**Assignment**
With the listing in front of you, retype it exactly.

**Information shown**

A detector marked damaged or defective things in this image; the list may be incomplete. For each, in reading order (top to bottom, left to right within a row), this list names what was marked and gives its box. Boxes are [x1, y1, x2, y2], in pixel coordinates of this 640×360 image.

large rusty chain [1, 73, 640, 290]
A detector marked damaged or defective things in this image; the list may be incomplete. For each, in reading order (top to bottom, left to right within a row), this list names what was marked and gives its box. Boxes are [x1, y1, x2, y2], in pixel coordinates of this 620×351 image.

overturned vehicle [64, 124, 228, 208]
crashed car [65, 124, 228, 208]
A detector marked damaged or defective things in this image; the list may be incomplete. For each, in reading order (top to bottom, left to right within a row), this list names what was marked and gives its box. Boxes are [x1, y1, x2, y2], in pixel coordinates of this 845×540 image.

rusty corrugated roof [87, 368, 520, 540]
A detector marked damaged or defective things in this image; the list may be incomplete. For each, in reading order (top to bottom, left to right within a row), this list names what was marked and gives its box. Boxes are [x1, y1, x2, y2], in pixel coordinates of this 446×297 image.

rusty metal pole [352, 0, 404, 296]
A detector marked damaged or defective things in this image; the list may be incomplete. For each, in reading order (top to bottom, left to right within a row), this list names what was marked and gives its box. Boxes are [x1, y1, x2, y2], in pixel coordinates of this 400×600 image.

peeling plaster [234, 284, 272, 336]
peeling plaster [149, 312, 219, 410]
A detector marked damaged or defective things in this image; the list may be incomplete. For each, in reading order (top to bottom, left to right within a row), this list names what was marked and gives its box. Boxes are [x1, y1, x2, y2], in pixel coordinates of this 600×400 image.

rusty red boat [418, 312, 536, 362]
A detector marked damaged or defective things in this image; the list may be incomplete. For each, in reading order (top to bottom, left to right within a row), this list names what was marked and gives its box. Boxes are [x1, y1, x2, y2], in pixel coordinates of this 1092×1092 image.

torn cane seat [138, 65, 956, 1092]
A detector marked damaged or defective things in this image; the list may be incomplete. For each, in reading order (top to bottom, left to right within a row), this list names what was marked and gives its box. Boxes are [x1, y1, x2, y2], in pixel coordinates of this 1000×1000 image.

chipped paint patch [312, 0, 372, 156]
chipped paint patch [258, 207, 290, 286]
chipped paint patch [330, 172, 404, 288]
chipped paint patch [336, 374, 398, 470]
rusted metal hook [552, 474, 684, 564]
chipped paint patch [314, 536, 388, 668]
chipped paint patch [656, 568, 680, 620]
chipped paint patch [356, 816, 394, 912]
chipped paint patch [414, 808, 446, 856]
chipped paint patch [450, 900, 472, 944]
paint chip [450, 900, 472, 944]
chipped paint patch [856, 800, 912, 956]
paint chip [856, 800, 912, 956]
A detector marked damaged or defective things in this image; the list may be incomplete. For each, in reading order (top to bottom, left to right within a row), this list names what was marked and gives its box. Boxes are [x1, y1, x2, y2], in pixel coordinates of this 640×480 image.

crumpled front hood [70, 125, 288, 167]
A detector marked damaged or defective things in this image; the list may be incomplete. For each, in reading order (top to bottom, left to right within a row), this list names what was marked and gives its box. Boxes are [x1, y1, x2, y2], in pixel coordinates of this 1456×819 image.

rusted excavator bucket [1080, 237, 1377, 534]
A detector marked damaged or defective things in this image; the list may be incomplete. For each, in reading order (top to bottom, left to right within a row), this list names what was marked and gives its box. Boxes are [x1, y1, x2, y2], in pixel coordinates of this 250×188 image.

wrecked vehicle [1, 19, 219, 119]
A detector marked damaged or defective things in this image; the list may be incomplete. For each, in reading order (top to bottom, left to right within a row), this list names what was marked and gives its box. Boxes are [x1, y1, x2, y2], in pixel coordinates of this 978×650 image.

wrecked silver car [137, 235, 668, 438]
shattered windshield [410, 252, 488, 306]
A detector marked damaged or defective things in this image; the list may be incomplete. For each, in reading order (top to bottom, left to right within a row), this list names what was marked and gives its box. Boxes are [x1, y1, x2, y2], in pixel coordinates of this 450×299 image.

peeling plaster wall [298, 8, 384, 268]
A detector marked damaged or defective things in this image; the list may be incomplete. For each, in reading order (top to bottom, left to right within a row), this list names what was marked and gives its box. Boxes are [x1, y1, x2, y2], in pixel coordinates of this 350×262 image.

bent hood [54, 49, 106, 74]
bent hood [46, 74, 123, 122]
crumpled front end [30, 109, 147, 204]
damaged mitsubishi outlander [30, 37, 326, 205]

**Result of this exercise**
A detector marked damaged or defective things in this image; the list may be incomplete. For each, in reading order (top to bottom, left to right within a row), this list names what was marked and gives its box. Boxes are [x1, y1, x2, y2], in pixel coordinates of this 640×360 image.

large rusty chain [1, 73, 640, 290]
A detector marked damaged or defective things in this image; the list may be incomplete. For each, in reading order (top to bottom, left to right within a row), this list names what was marked and gives its box. Boxes are [x1, y1, x2, y2], in pixel coordinates of this 620×351 image.

overturned vehicle [64, 124, 228, 208]
crashed car [65, 124, 228, 208]
A detector marked damaged or defective things in this image; the list may be incomplete. For each, in reading order (top to bottom, left to right within a row), this list names what was marked and gives its box. Boxes are [x1, y1, x2, y2], in pixel coordinates of this 845×540 image.

rusty corrugated roof [87, 368, 520, 540]
A detector marked damaged or defective things in this image; the list may be incomplete. For each, in reading order (top to bottom, left to right within a row), this list names what was marked and gives its box. Boxes are [x1, y1, x2, y2], in pixel coordinates of this 446×297 image.

rusty metal pole [352, 0, 404, 296]
A detector marked damaged or defective things in this image; the list may be incomplete. For each, in reading order (top to bottom, left to right within a row), this list names what was marked and gives its box. Boxes are [x1, y1, x2, y2], in pixel coordinates of this 400×600 image.

peeling plaster [234, 284, 272, 336]
peeling plaster [149, 312, 219, 410]
A detector marked damaged or defective things in this image; the list may be incomplete. For each, in reading order (top to bottom, left to right within a row), this list names what was marked and gives its box. Boxes are [x1, y1, x2, y2], in pixel coordinates of this 600×400 image.

rusty red boat [418, 312, 536, 362]
A detector marked damaged or defective things in this image; the list may be incomplete. For each, in reading order (top to bottom, left to right within a row), this list names what was marked and gives its box. Boxes are [x1, y1, x2, y2], in pixel coordinates of this 1092×1092 image.

torn cane seat [138, 65, 956, 1092]
A detector marked damaged or defective things in this image; the list may be incomplete. For each, in reading order (top to bottom, left to right within a row), this list names what was marked and gives its box. Boxes are [x1, y1, x2, y2], in pixel coordinates of this 1000×1000 image.

chipped paint patch [312, 0, 372, 156]
chipped paint patch [258, 207, 290, 286]
chipped paint patch [330, 172, 404, 288]
chipped paint patch [336, 374, 398, 470]
rusted metal hook [552, 474, 684, 564]
chipped paint patch [314, 536, 388, 668]
chipped paint patch [656, 568, 680, 620]
chipped paint patch [356, 816, 394, 912]
chipped paint patch [414, 808, 446, 856]
chipped paint patch [450, 900, 472, 944]
paint chip [450, 900, 472, 944]
chipped paint patch [856, 800, 912, 956]
paint chip [856, 800, 912, 956]
A detector marked damaged or defective things in this image; the list may be incomplete. For each, in reading order (top to bottom, left to right within a row), this list names what was marked and gives its box. Boxes are [x1, y1, x2, y2], in pixel coordinates of this 640×480 image.

crumpled front hood [70, 125, 288, 167]
A detector marked damaged or defective things in this image; the list may be incomplete. For each, in reading order (top to bottom, left to right within a row), this list names what was marked and gives its box. Boxes are [x1, y1, x2, y2], in pixel coordinates of this 1456×819 image.

rusted excavator bucket [1080, 237, 1377, 534]
A detector marked damaged or defective things in this image; the list may be incomplete. For each, in reading order (top to bottom, left to right within a row), this list names what was marked and gives its box. Boxes are [x1, y1, x2, y2], in pixel coordinates of this 250×188 image.

wrecked vehicle [1, 19, 219, 119]
A detector marked damaged or defective things in this image; the list may be incomplete. For each, in reading order (top to bottom, left to right within a row), this list names what was marked and gives its box. Boxes are [x1, y1, x2, y2], in pixel coordinates of this 978×650 image.

wrecked silver car [137, 235, 668, 438]
shattered windshield [410, 252, 488, 306]
A detector marked damaged or defective things in this image; the list may be incomplete. For each, in reading order (top to bottom, left to right within a row), this list names what was marked and gives its box. Boxes are [x1, y1, x2, y2], in pixel coordinates of this 450×299 image.

peeling plaster wall [298, 8, 384, 268]
A detector marked damaged or defective things in this image; the list may be incomplete. For each, in reading order (top to bottom, left to right within a row), this list names what was marked and gives its box. Boxes are [x1, y1, x2, y2], in pixel coordinates of this 350×262 image.

bent hood [54, 49, 106, 74]
bent hood [46, 74, 123, 122]
crumpled front end [30, 109, 147, 204]
damaged mitsubishi outlander [30, 37, 326, 205]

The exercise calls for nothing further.